Pune Warriors\' Shrikant Wagh said Ashish Nehra\'s presence would have helped him to learn a few tricks.
New Delhi: The Indian Premier League has always been an ideal platform for the unknown names from hinterlands to take centrestage and Sunday was the turn of 22-year-old Pune Warriors' left-arm pacer Shrikant Wagh to grab his share of spotlight.
Wagh impressed with the ball with figures of three for 16 that fetched him the man-of-the-match award against Kings XI Punjab.
"It's undoubtedly the best day of my life," Wagh, who plays for Vidarbha in the Ranji Trophy, told PTI from Navi Mumbai.
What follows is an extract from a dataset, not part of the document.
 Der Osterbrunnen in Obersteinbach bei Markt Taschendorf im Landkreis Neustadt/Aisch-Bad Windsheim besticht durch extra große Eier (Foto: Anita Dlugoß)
Interestingly, had India speedster Ashish Nehra not been ruled out of IPL due to a fractured finger, Wagh may have well been warming the benches. But the youngster feels that Nehra's presence would have helped him to learn a few tricks.
"I am really sad that Ashish bhaiya will not be playing. As a left-arm seamer, it would have been nice to get a few tips from one of the best left-arm swing bowler in our country. I am missing him," Wagh stated.
Wagh dismissed Shaun Marsh, Dinesh Karthik and Piyush Chawla in his first match at the big stage.
Incidentally, it was Shaun's father and Pune Warriors' coach Geoff Marsh who complimented the bowler for his lion-hearted effort.
"I was overwhelmed when our coach Geoff Marsh congratulated me after the match. He said that I deserved to get a chance and he was confident that I would do well. That's the best compliment one can get," said Wagh, who hails from Buldhana district in Maharashtra.
Asked whether he was jittery initially when he was given the new ball, Wagh replied, "I was bowling well during practice and expected a chance. My skipper Yuvraj Singh told me to simply bowl at right areas and forget about the rest. I just followed his instructions."
Although he has impressed with the new ball, Wagh considers himself to be an all-rounder and is ready to bat at any position.
"I have scored a century in Ranji Trophy for Vidarbha and I consider myself as an all-rounder."
Wagh feels that his stint at the Australian Institute of Sports (AIS) under former England bowling coach Troy Cooley also helped him mature as a bowler.
"Though it was a brief stint but I learnt a lot from Troy Cooley about swing bowling."